Dessa forma, viver na Zona Sul da cidade representa maior proteção ao desenvolvimento dessas doenças e menor precocidade de óbito. A diferença em relação à Zona Sul na distribuição do risco está presente para quase todos os outros bairros da cidade. “Os moradores da região de Campo Grande e Santa Cruz apresentam mortalidade por doenças cerebrovasculares dez vezes maior e morrem dez anos mais cedo do que os moradores da Gávea”, denuncia o professor. Enquanto o bairro da Zona Sul possui o IDH mais alto da cidade (0,97), Santa cruz apresenta o mais baixo (0,74) entre as regiões administrativas do Rio de Janeiro.

Escolaridade também apresenta correlação com incidência de doenças

Outra variável estudada foi a formação escolar.

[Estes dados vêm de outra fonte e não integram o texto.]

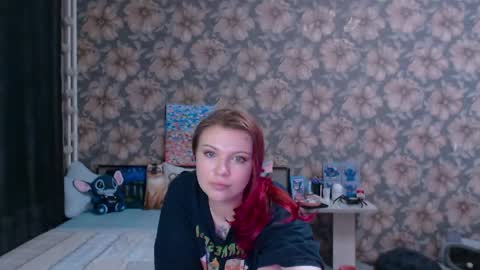 Snapshot of aalicebubble chatting on April 29, 10:05 pm Alice online show from April 29, 10:05 pm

A baixa escolaridade representa fator de risco em praticamente todos os bairros do município e, para a população com menor acesso à educação, morar sozinho também é motivo de preocupação. Embora ainda não seja clara a razão de viver sozinho aumentar as chances de óbito, outros estudos do instituto demonstram que a coesão social do indivíduo dentro da comunidade em que vive revela-se um fator de proteção.

O impacto da escolaridade é tanto que a média de óbitos por doenças cerebrovasculares foi até 150% maior em algumas regiões da cidade, para indivíduos com baixa escolaridade, em relação aos com mais de oito anos de estudo. A alta escolaridade implicou proteção para a saúde em quase todas as regiões administrativas.

O acesso dificultado a serviços de saúde, menos conhecimentos de prevenção e dificuldade de comunicação entre médico e paciente são algumas explicações possíveis para entender como a baixa escolaridade contribui para as mortes por doenças cerebrovasculares mesmo quando a comparação é feita entre grupos com fatores de risco clássicos semelhantes, como tabagismo e obesidade. “A baixa escolaridade é certamente um indicador de piores condições gerais de vida”, diz Souza e Silva.